Records provided section start

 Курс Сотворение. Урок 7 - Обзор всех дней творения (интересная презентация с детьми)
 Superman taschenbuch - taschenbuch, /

Records provided section end
Records provided section start

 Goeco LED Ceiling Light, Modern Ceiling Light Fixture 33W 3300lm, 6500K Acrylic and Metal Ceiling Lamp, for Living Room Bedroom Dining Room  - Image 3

Records provided section end

Task to carry out —
An exact copy of the lines above, from the one containing "Курс Сотворение. Урок" through the one containing "Superman taschenbuch - taschenbuch, /", is the whole of the answer.

Output below —
 Курс Сотворение. Урок 7 - Обзор всех дней творения (интересная презентация с детьми)
 Superman taschenbuch - taschenbuch, /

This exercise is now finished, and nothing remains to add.